Pressegespräch des Erzbistums Köln abgebrochen Vorerst keine Einblicke ins zurückgehaltene Missbrauchsgutachten

Köln · Das Erzbistum Köln wollte Journalisten Auszüge des Missbrauchsgutachten präsentieren, das noch immer unter Verschluss gehalten wird. Zunächst sollten die Reporter aber eine Verschwiegenheitserklärung unterzeichnen. Diese lehnten das ab.

 Der Kölner Dom.

Der Kölner Dom.

Foto: dpa/Roberto Pfeil

Das Bemühen des Kölner Erzbistums, in der Debatte um das noch immer zurückgehaltene Missbrauchsgutachten für mehr Transparenz zu sorgen, ist erst einmal gescheitert. So wurde jetzt ein Hintergrundgespräch mit einigen Journalisten im Kölner Generalvikariat ergebnislos abgebrochen.
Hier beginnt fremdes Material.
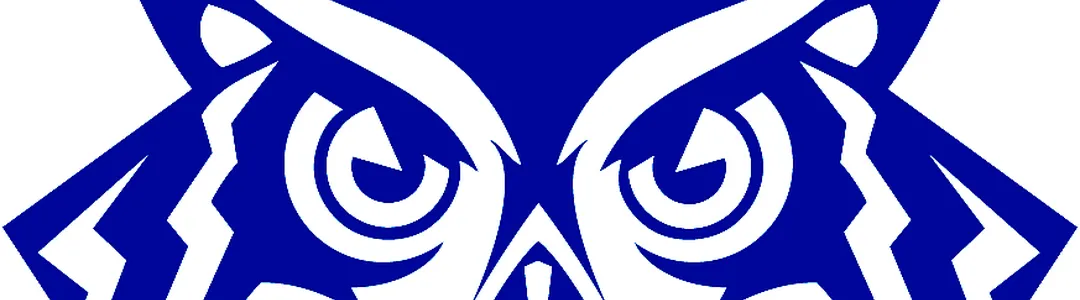 Rice Owls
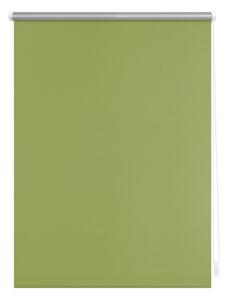 Lichtblick Termo zatemňovací roleta, od 45 x 150 cm (zelená, 45 x 150 cm) (100312502037)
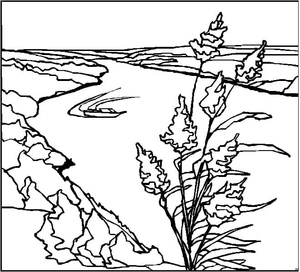 Página para Colorir Paisagem Cênica de Rio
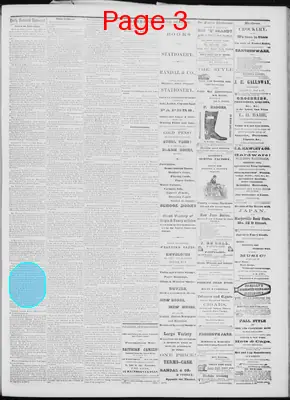 Page thumbnail for Daily National Democrat
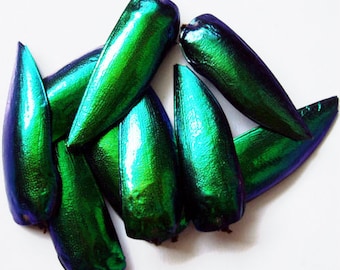 Set of 250 shields elytra wings from sternocera jewelbeetle  for all your taxidermy and jewelry art projects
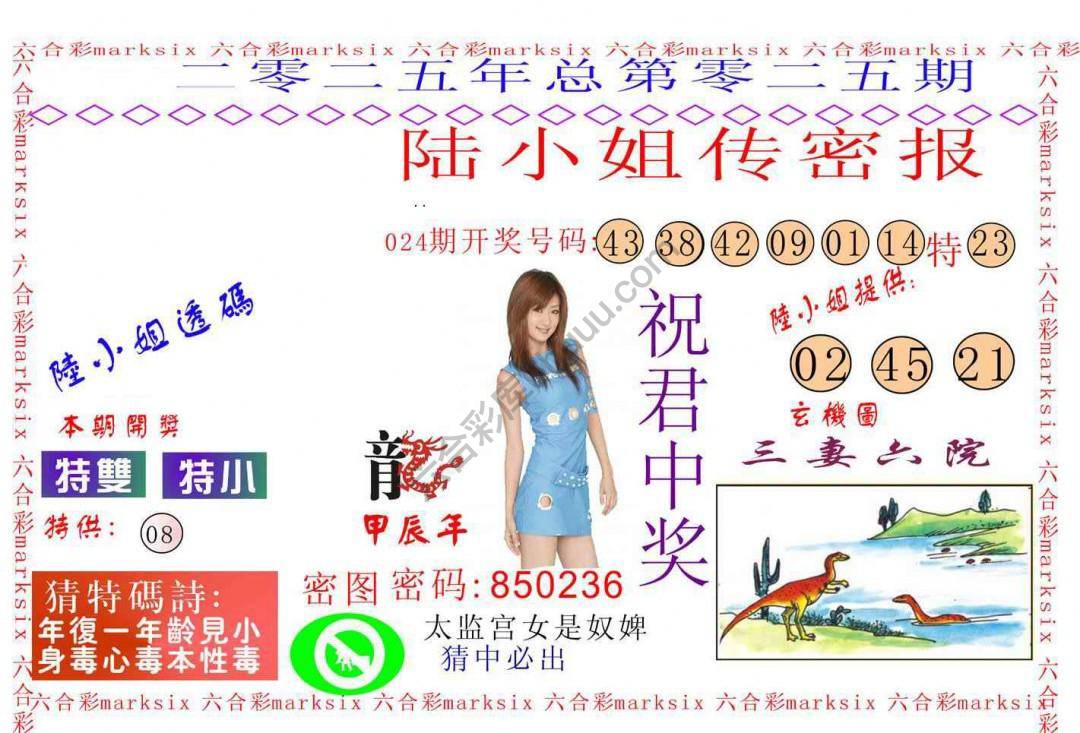 陆小姐传密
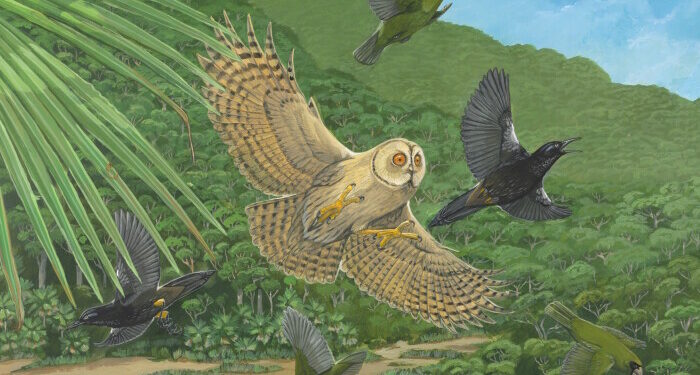 Illustration of 5 birds in a tropical landscape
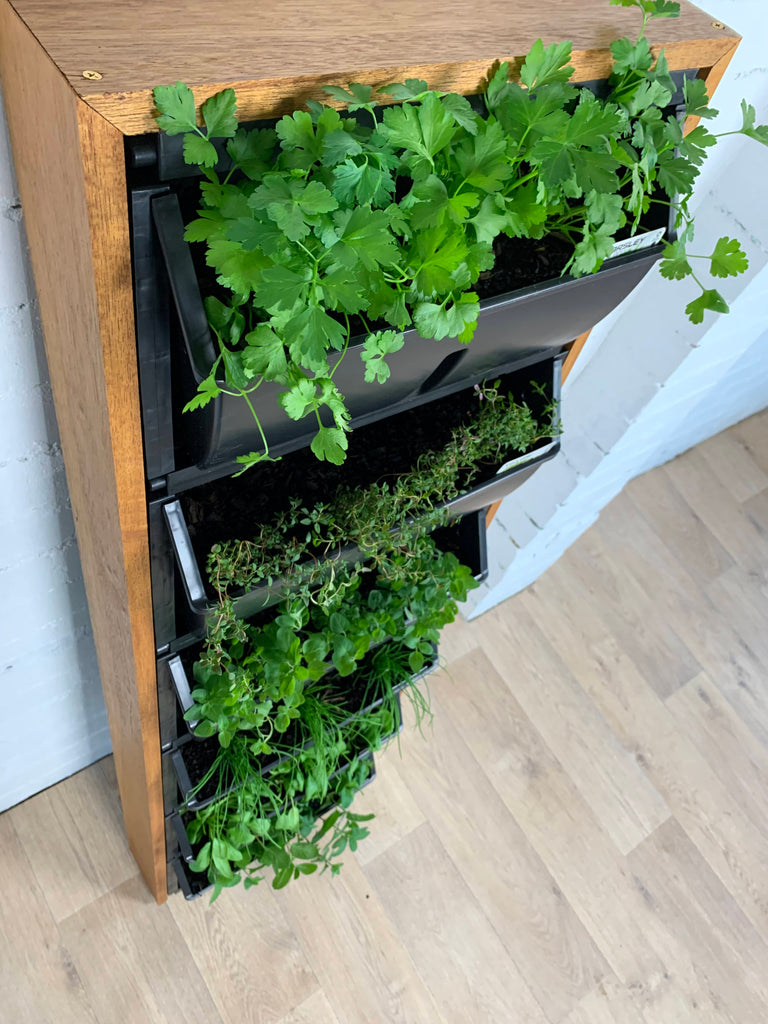 Edible Vertical Garden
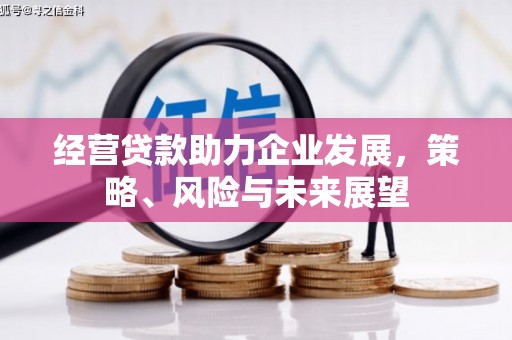 河西经营贷款助力企业发展，策略、风险与未来展望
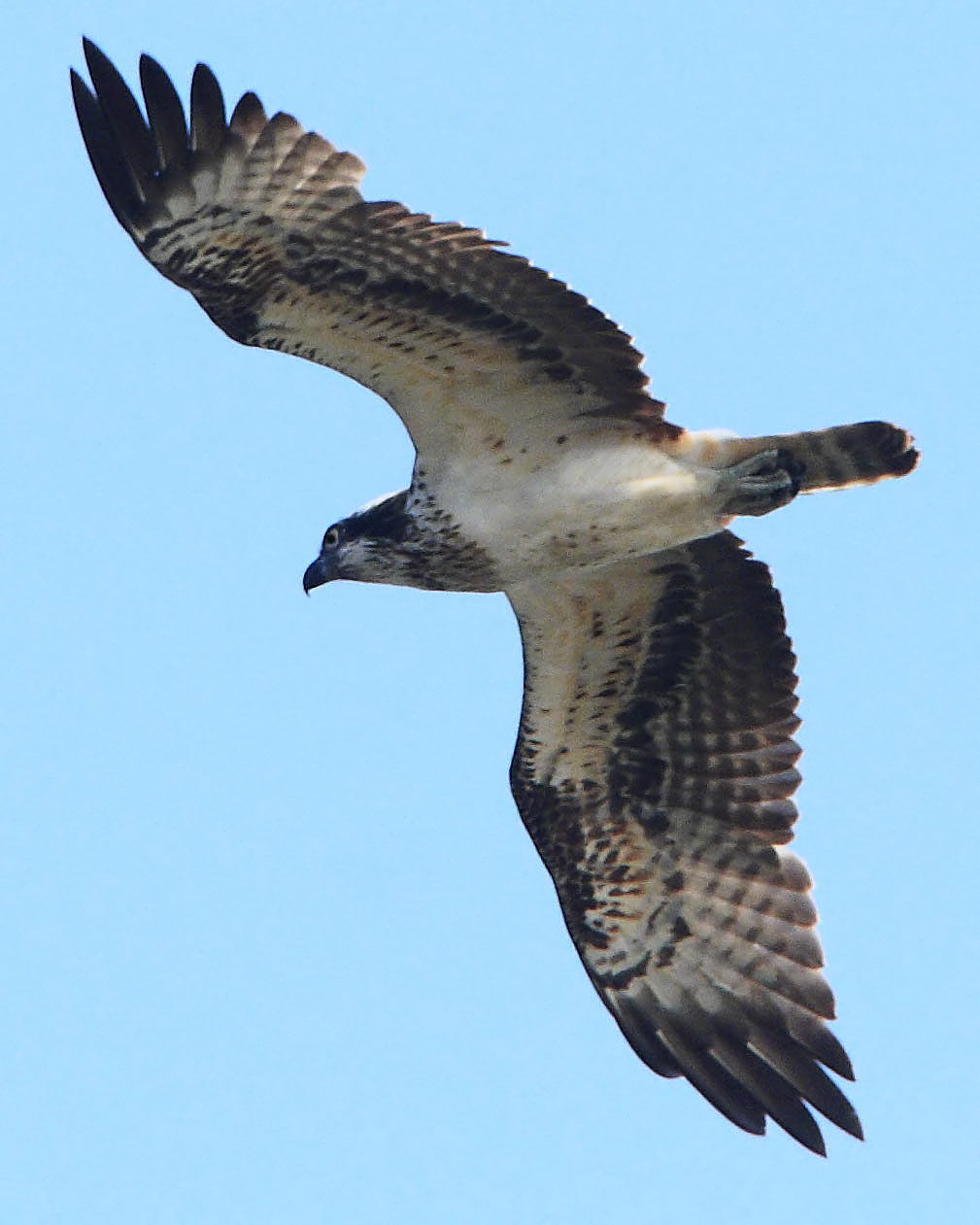 DPP_6765－0.jpg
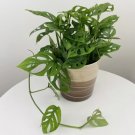 15 Seeds Swiss Cheese Plant house plant garden flowers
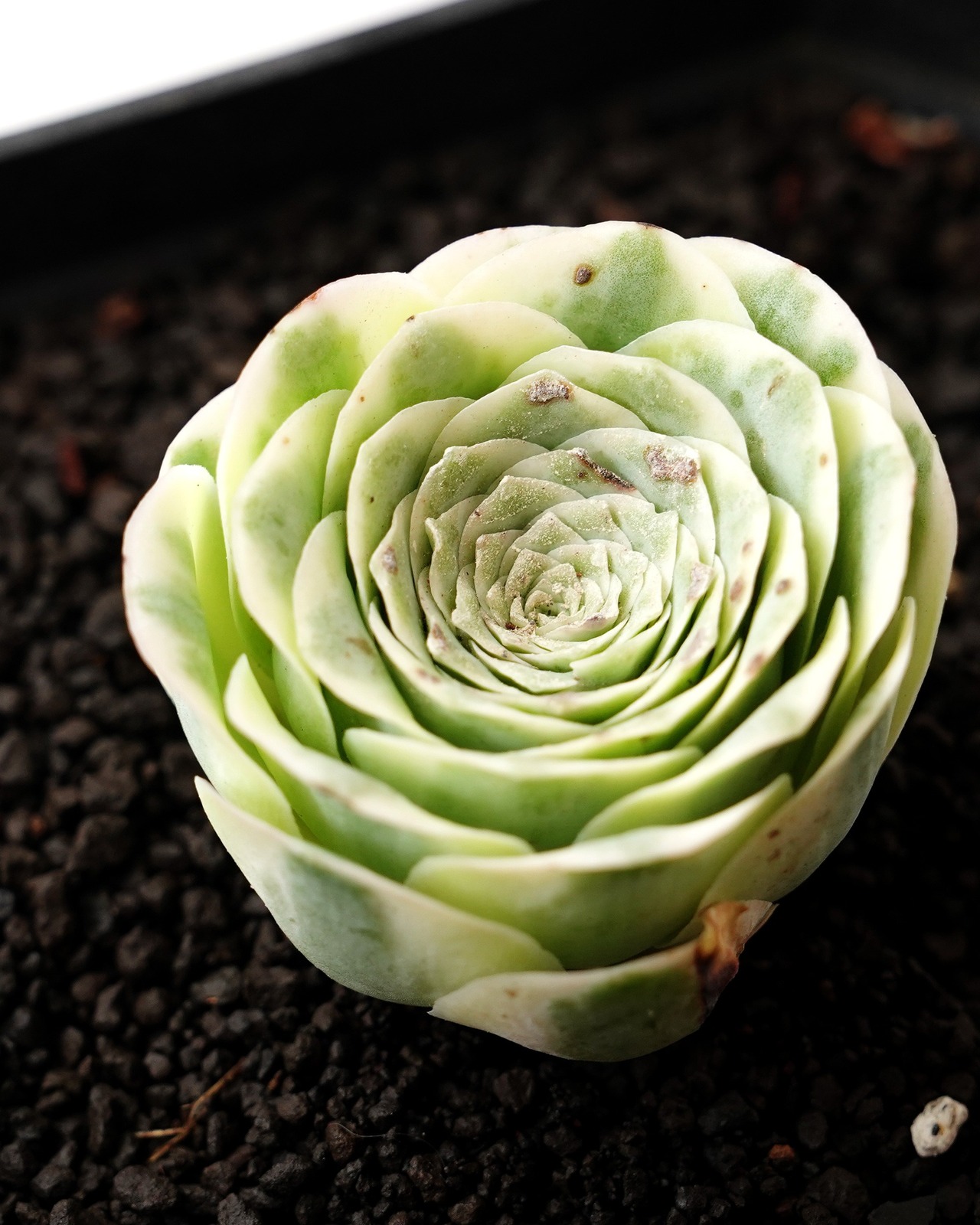 発根済カット苗 グリーノビア マウンテンローズ錦 S Greenovia aurea 'Mountain Rose' Variegated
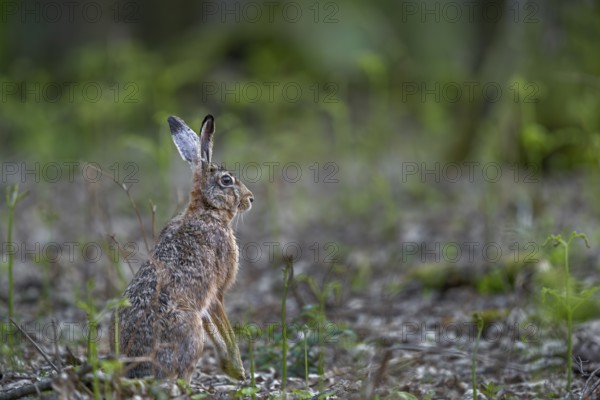 One of the rare encounters with a brown hare (Lepus europaeus) in the forest at photo distance,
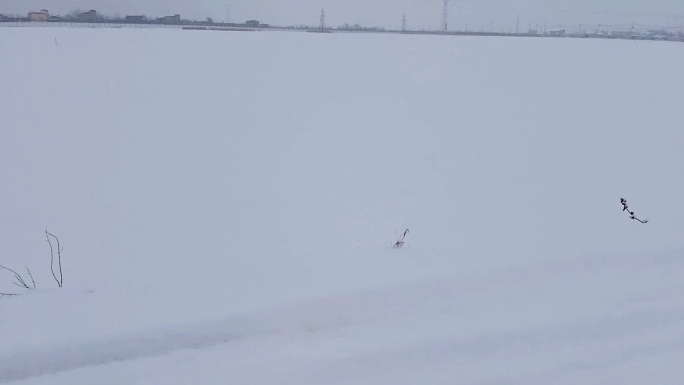 大雪后的大地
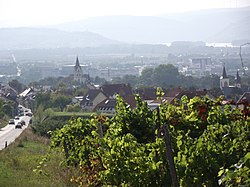 Nieder-Ingelheim-Sommer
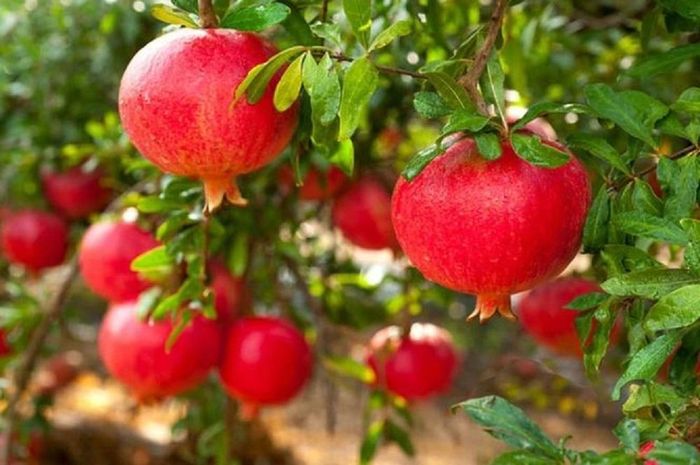Trong văn hóa truyền thống phương Đông, quả lựu đại diện cho sự sinh sôi nảy nở, duy trì nòi giống.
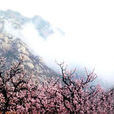 鳳凰嶺(山東景點) 鳳凰嶺(山東景點)
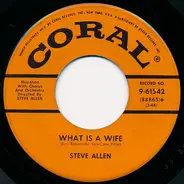 Steve Allen - What Is A Wife / Memories Of You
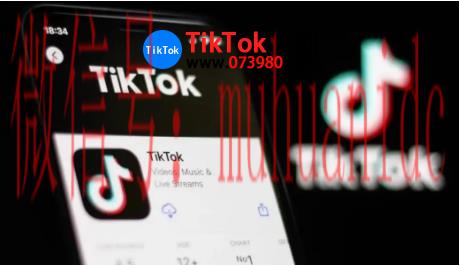 tiktok账号购买平台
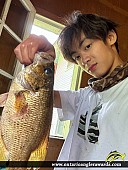 10.5" Rock Bass caught on Buck Lake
Der Anlass für diesen ungewöhnlichen Vorgang: Die eingeladenen Medienvertreter sollten zunächst eine sogenannte Verschwiegenheitserklärung unterschreiben. Damit hätten sich die Journalisten rechtlich verpflichtet, weder über die Tathergänge aus dem Gutachten der Münchner Kanzlei Westpfahl Spilker Wastl (WSW) zu berichten noch möglicherweise benannte Verantwortungsträger des Erzbistums zu nennen. Da die Journalisten dies als einen erheblichen Eingriff ihrer auch künftigen Berichterstattung sahen, lehnten sie eine Unterzeichnung ab.

Ohnehin sollten nur Auszüge mit teilweise geschwärzten Passagen des WSW-Gutachtens vorgelegt werden. Damit wollte man jene methodischen Mängel belegen, die dazu geführt hatten, das Gutachten, das schon im März 2020 veröffentlicht werden sollte, unter Verschluss zu halten. Wie es hieß, waren im WSW-Gutachten nur 15 Missbrauchsfälle näher untersucht worden. Im neuen Gutachten hingegen - es wird verantwortet vom Kölner Strafrechtsexperten Professor Björn Gercke und wird am 18. März vorgestellt - sollen 236 Fälle sexuellen Missbrauchs begutachtet werden.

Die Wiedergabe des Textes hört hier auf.